Over-squashing is a common plight of Graph Neural Networks occurring when message passing fails to propagate information efficiently on the graph. In this post, we discuss how this phenomenon can be understood and remedied through the concept of Ricci curvature, borrowed from the field of differential geometry.
This post was co-authored with Francesco Di Giovanni and Jake Topping and is based on the paper J. Topping, F. Di Giovanni et al., Understanding over-squashing and bottlenecks on graphs via curvature (2021) arXiv:2111.14522, a collaboration between Twitter Cortex and the University of Oxford. This is the first installment of our discussion on Graph Ricci curvature and part of a series on Graph Neural Networks through the lens of Differential Geometry and Algebraic Topology.

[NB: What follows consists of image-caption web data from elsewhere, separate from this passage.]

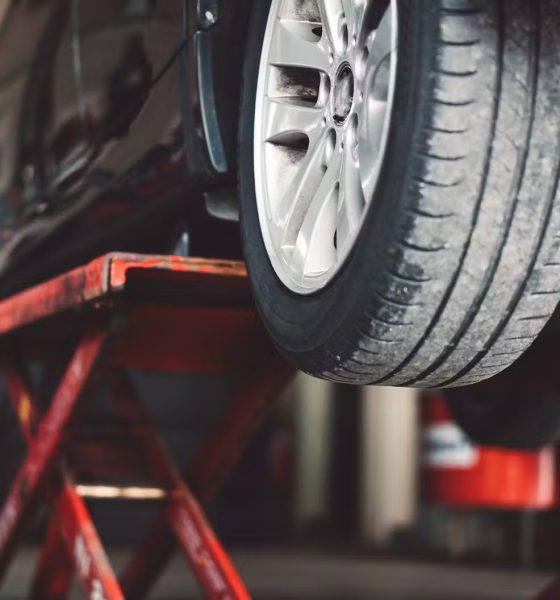 How do tires hold up a car and not break?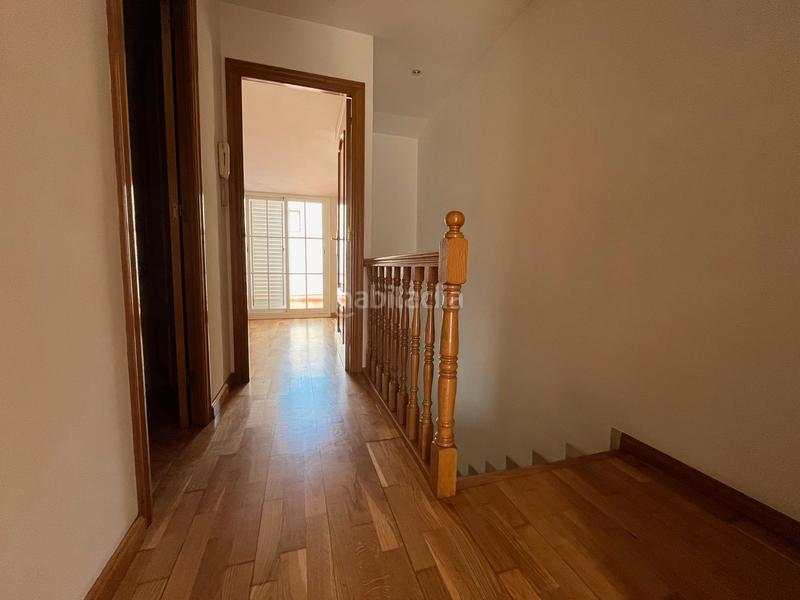 Foto 467d7038-0a67-402b-9648-daa71f131cef. Casa espectacular casa en carrer ramon batlle con terraza, patio y tres balcones, en Barcelona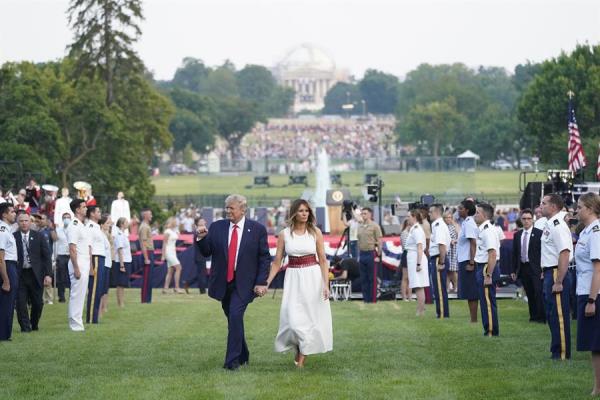 Tras el discurso del presidente, hubo una exhibición de aviones militares que sobrevolaron el Mall, la explanada monumental que hay junto a la Casa Blanca, paracaidistas y música patriótica, que precedieron a los tradicionales fuegos artificiales. FOTO/EFE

The majority of Graph Neural Network (GNN) architectures are based on the message-passing paradigm, in which information is propagated between the nodes of the graph along its edges. Traditionally, the input graph is used both as part of the data (along with the node features) as well as the computational structure for information propagation. Recent works showed however that certain graphs in certain situations tend to be “unfriendly” for message passing , challenging this paradigm.
More specifically, Message Passing Neural Networks (MPNNs)  tend to perform poorly when the learned task requires long-range dependencies (i.e., the output of an MPNN depends on representations of distant nodes interacting with each other) and at the same time, the structure of the graph results in exponentially many long-range neighboring nodes (i.e., the “receptive field” of a node grows exponentially with the radius of the neighbourhood). In such situations, messages coming from non-adjacent nodes need to be propagated and compressed into fixed-size vectors, causing a phenomenon of information over-squashing . The structural characteristics of the graph responsible for over-squashing are referred to as “bottlenecks”. It is fair to say that while extensively observed empirically, the theoretical understanding of these phenomena is rather limited.

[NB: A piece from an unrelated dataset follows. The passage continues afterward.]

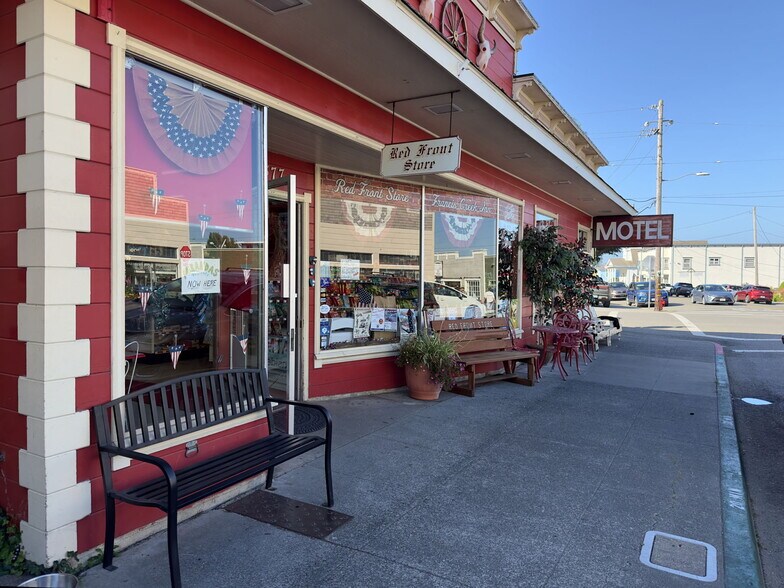 More Photos Of 577 Main St, Ferndale General Retail For Sale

Ina recent paper , we introduce tools to study over-squashing and bottlenecks by a characterisation of the local geometric properties of the graph. Suppose we have a multi-layer MPNN; we can calculate the sensitivity of the hidden features computed by the MPNN to the input features at a remote node. Given a node p and another node s that is r-distant from it , the Jacobian ∂hₚ⁽ʳ⁺¹⁾/∂xₛ tells us how a change in the input feature xₛ will be propagated by MPNN and affect the (r+1)st layer output hₚ⁽ʳ⁺¹⁾. Small absolute values of this Jacobian are indicative of poor information propagation, or over-squashing .

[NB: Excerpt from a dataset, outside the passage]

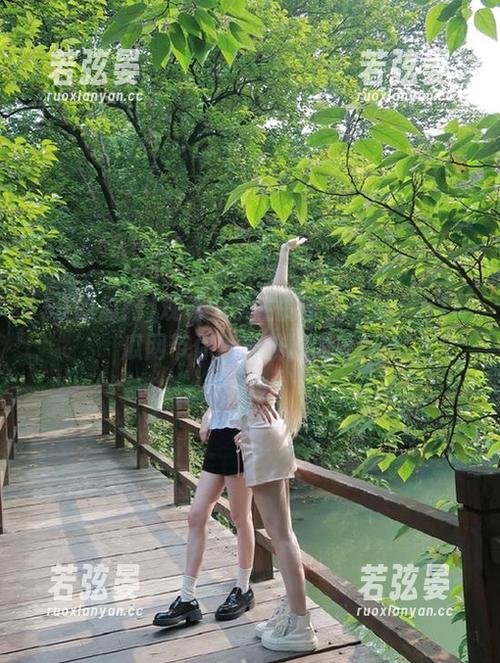 观看大学生的奇葩生活：51吃瓜网带你直击校园内幕！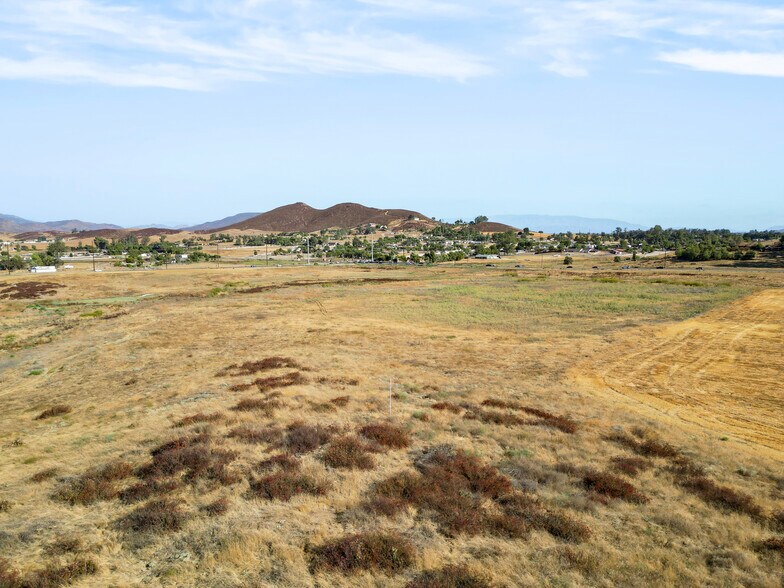 More Photos Of 0 Loretta Ave, Menifee Land For Sale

The Jacobian can be bounded by a term expressed through the powers of the normalised adjacency matrix of the graph . However, besides indicating that somehow the graph structure (“bottleneck”) is to blame for the over-squashing, such an expression is not very illuminating. In order to better understand the nature of bottlenecks, we need to take a closer look at the fine-grain geometric properties of the graph.